● **Task directions**
Within the listing below, give again exactly the lines between the one containing "It shows you" and the one containing "First chance I've", inclusive, pictures left aside.

● **Supplied entries**
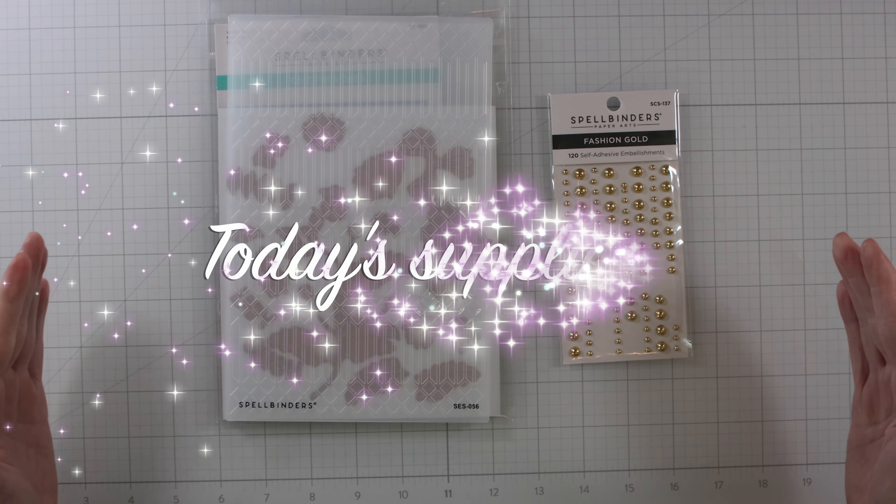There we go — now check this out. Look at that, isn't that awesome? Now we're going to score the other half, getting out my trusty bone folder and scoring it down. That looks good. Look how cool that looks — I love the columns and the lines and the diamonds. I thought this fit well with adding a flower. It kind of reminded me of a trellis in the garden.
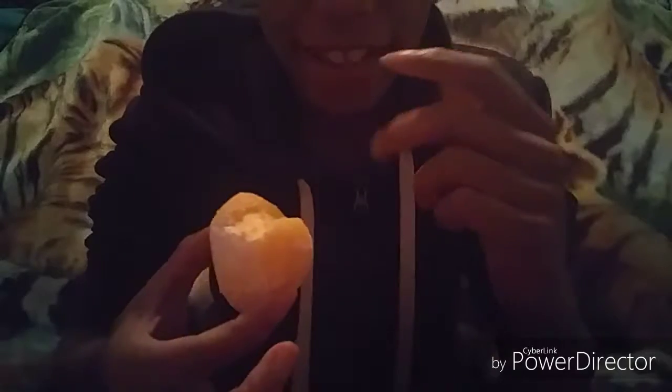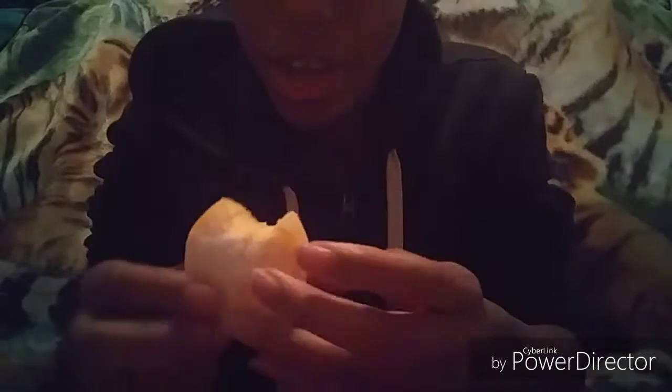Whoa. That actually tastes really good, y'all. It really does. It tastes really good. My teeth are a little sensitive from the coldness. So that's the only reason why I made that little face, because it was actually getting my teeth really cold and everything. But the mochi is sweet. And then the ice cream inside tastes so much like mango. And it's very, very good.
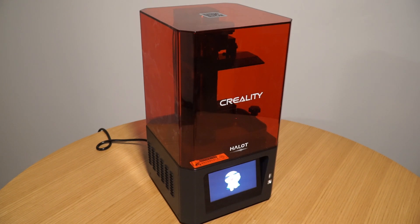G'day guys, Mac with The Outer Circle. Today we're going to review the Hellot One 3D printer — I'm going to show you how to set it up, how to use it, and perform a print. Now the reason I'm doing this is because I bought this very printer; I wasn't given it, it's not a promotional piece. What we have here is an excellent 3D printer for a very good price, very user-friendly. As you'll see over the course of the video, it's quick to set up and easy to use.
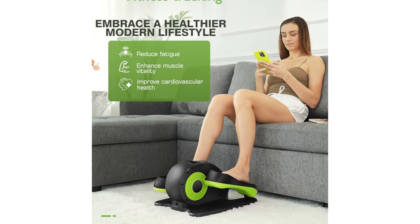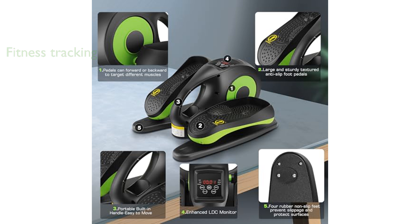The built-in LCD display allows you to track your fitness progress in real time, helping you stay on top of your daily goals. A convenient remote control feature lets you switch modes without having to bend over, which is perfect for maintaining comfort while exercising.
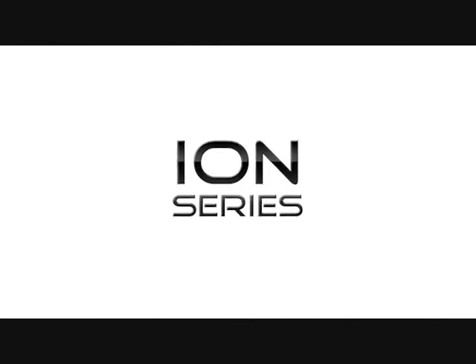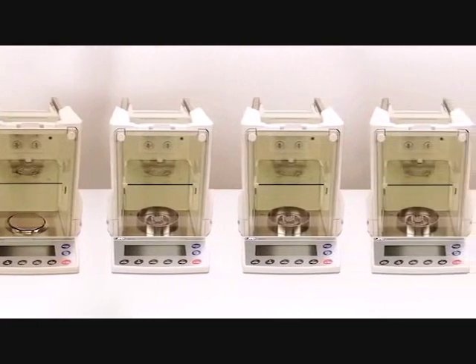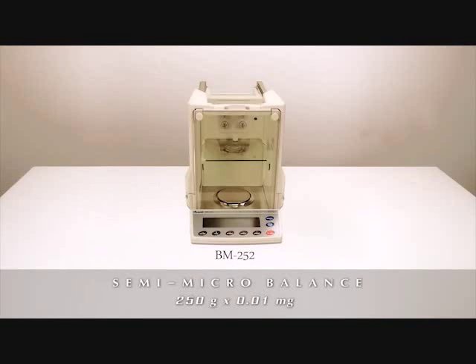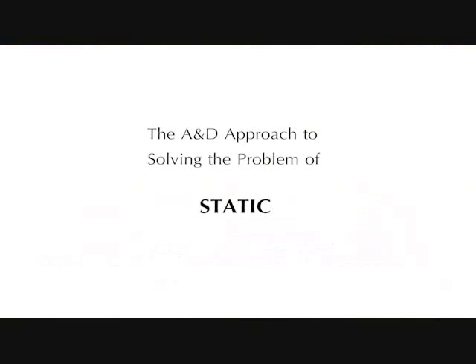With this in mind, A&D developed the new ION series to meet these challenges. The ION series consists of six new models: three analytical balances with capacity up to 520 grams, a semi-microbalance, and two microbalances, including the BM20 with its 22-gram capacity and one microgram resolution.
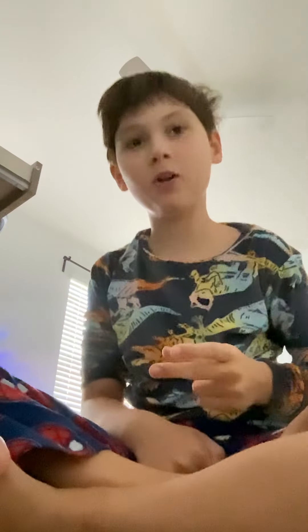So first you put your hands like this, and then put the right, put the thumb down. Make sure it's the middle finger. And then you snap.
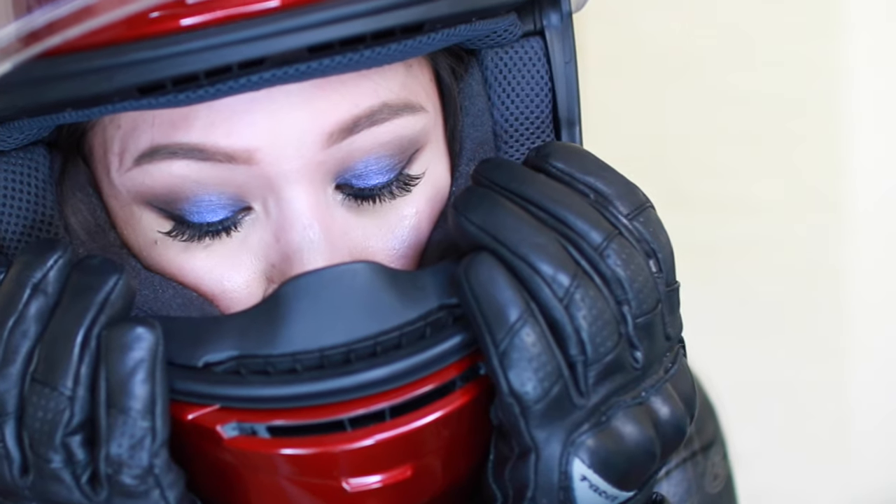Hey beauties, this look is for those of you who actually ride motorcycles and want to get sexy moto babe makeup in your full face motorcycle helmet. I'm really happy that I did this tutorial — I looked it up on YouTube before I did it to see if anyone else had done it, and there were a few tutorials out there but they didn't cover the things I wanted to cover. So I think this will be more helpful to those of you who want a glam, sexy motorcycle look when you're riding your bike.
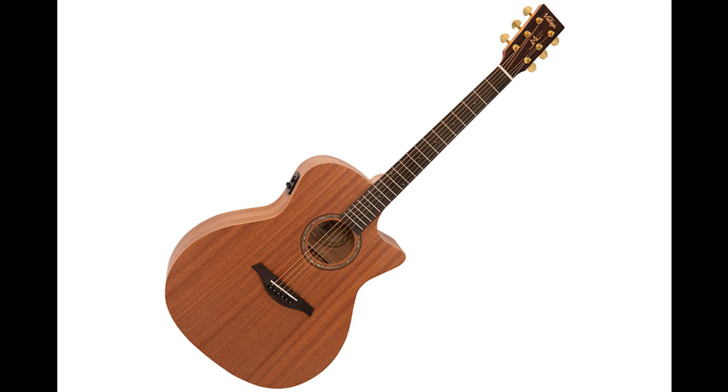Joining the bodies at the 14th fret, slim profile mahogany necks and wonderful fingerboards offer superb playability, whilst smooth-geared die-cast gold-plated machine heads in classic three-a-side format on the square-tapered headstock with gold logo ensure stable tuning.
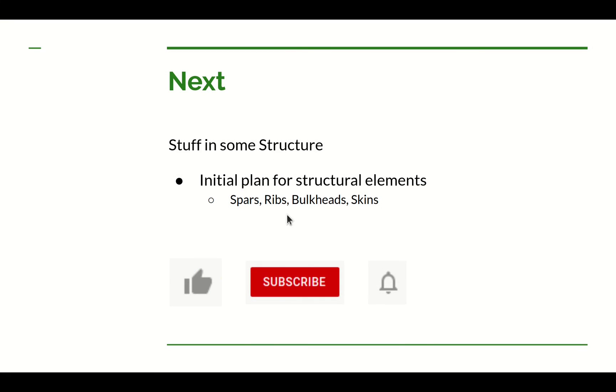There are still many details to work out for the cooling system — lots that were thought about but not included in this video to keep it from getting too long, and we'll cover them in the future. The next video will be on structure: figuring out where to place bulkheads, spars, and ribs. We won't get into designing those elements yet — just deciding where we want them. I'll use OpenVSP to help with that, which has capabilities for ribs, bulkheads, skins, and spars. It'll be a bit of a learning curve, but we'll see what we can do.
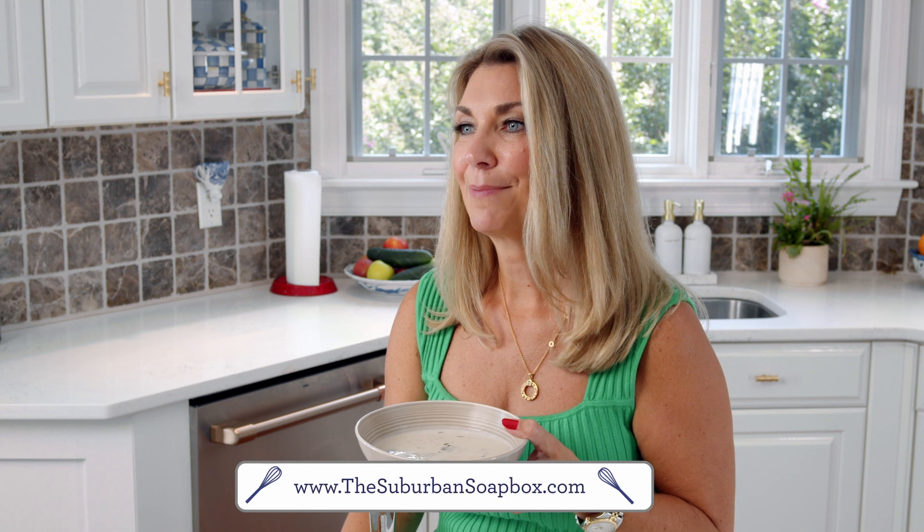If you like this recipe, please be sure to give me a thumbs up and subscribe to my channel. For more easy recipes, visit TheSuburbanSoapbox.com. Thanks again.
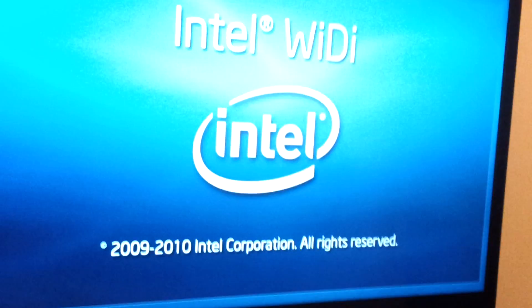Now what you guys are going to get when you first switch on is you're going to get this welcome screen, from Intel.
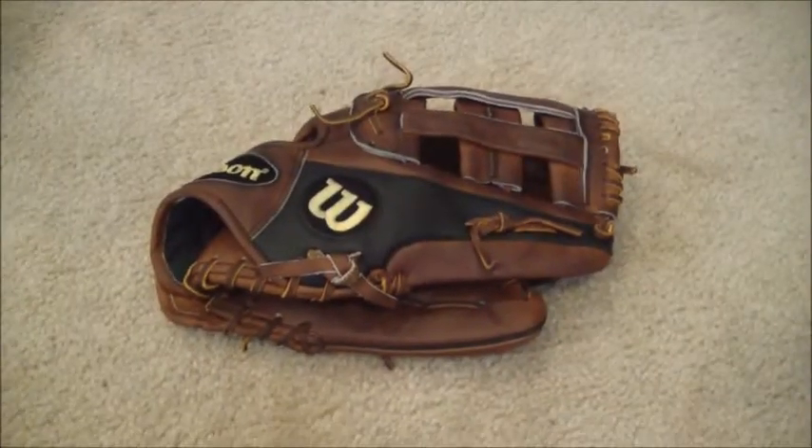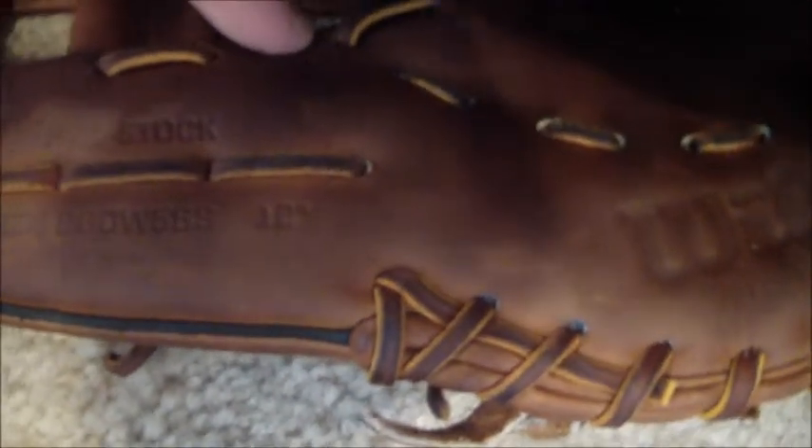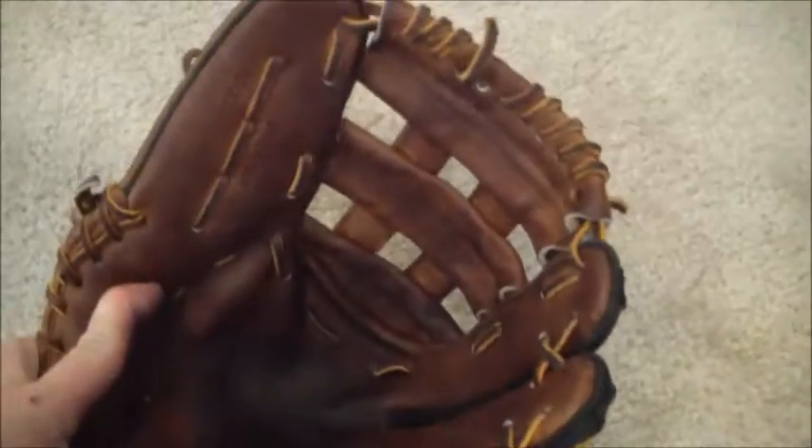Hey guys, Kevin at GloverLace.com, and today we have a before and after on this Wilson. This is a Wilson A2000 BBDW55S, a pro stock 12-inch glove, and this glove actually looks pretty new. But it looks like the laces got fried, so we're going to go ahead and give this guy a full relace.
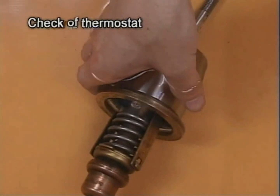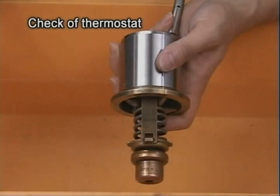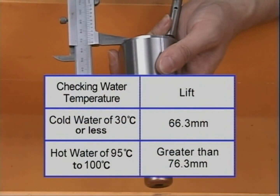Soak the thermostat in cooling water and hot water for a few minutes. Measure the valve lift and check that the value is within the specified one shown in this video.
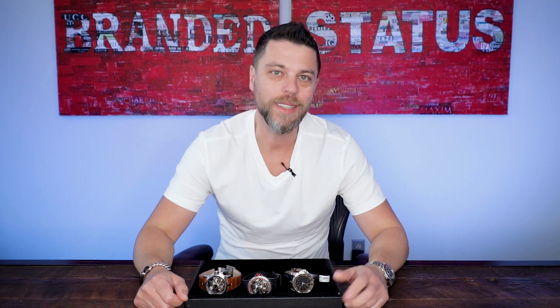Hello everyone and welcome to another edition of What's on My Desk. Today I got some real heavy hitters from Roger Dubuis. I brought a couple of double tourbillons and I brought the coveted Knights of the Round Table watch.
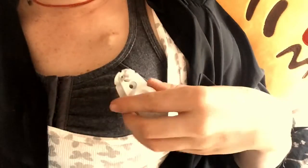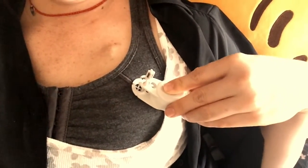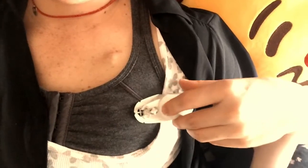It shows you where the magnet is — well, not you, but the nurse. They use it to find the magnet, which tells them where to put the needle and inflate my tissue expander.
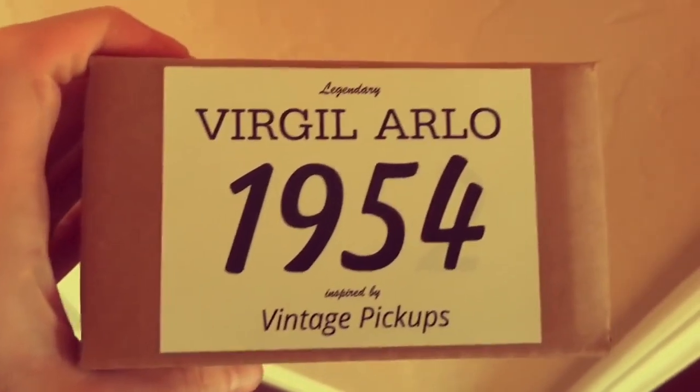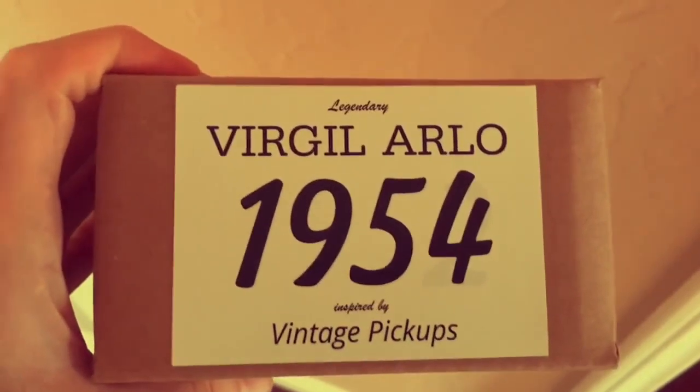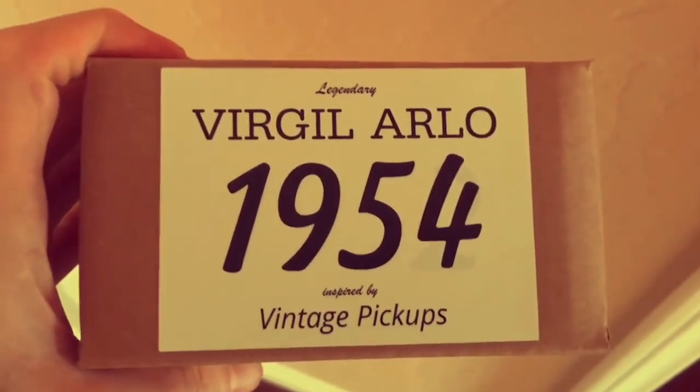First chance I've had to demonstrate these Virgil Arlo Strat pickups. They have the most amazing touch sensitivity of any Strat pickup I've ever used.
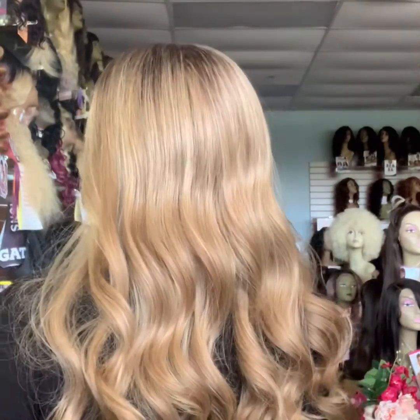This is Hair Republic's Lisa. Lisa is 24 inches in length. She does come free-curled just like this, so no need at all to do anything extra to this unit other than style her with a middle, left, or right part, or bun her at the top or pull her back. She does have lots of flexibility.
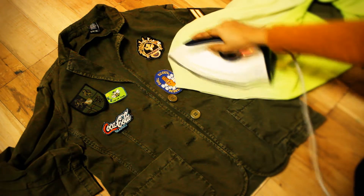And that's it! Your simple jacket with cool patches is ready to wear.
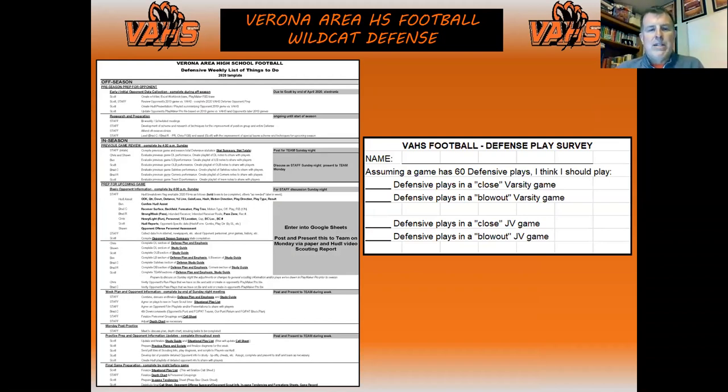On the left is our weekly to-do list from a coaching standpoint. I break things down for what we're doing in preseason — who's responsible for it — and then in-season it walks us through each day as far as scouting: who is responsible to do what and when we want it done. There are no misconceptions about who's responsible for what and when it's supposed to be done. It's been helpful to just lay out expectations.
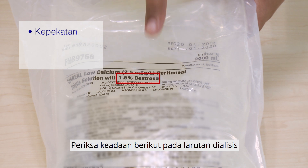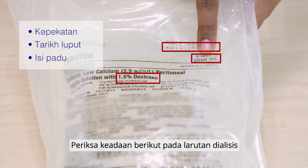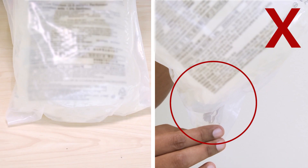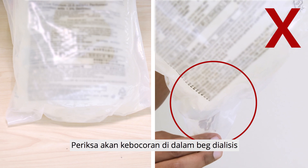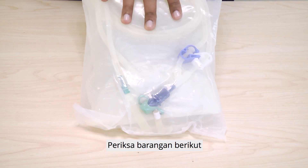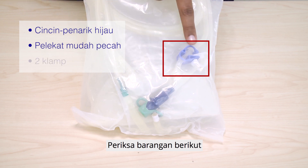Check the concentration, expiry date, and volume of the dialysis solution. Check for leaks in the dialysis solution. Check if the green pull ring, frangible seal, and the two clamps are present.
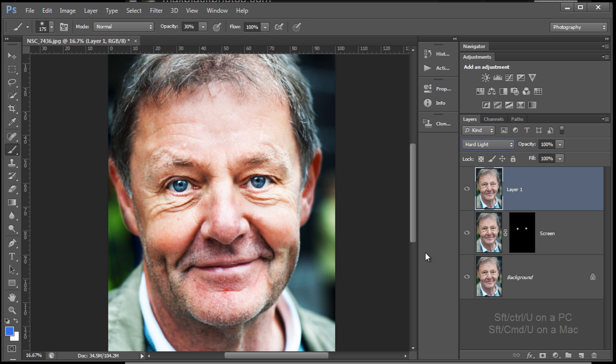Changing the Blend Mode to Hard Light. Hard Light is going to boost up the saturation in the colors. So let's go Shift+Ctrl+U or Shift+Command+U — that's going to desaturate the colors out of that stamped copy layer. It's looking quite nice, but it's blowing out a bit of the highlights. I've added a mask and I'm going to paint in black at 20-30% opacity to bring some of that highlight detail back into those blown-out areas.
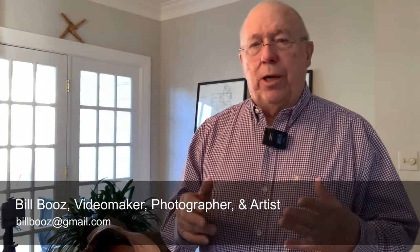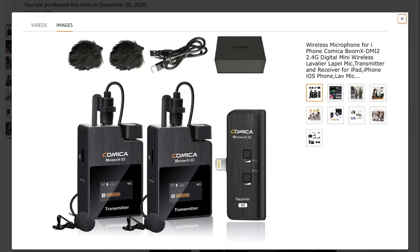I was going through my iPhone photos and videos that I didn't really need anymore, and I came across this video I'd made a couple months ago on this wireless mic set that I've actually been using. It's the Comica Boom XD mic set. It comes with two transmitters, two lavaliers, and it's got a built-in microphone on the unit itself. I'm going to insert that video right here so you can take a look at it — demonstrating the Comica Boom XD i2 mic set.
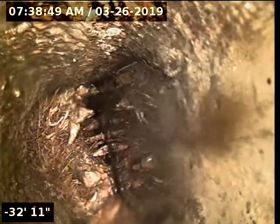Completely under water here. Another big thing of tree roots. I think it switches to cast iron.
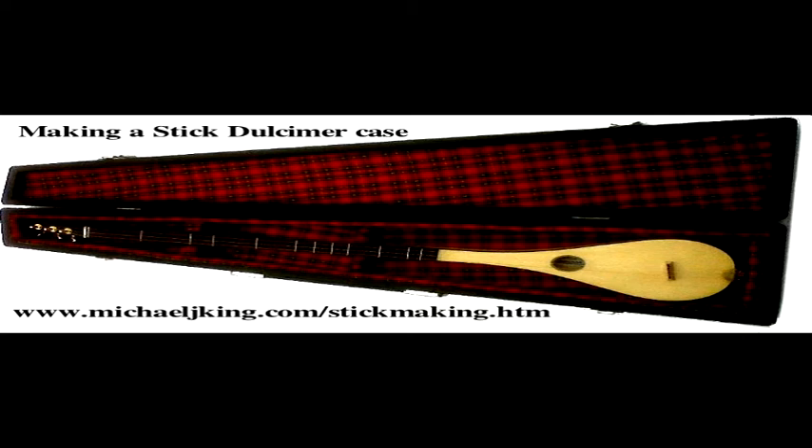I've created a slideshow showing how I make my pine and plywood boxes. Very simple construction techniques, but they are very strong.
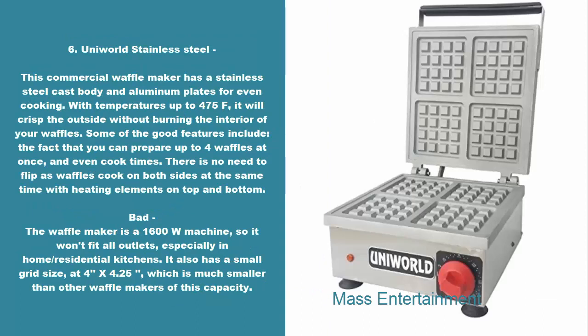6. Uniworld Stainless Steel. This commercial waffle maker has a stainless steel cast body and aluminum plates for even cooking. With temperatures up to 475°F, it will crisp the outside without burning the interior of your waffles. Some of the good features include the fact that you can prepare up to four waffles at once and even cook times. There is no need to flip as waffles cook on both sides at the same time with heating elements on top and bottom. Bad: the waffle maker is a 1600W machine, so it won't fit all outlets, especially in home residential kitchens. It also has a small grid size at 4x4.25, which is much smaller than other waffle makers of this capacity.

● **Result**
It shows you where the magnet is — well, not you, but the nurse. They use it to find the magnet, which tells them where to put the needle and inflate my tissue expander.
First chance I've had to demonstrate these Virgil Arlo Strat pickups. They have the most amazing touch sensitivity of any Strat pickup I've ever used.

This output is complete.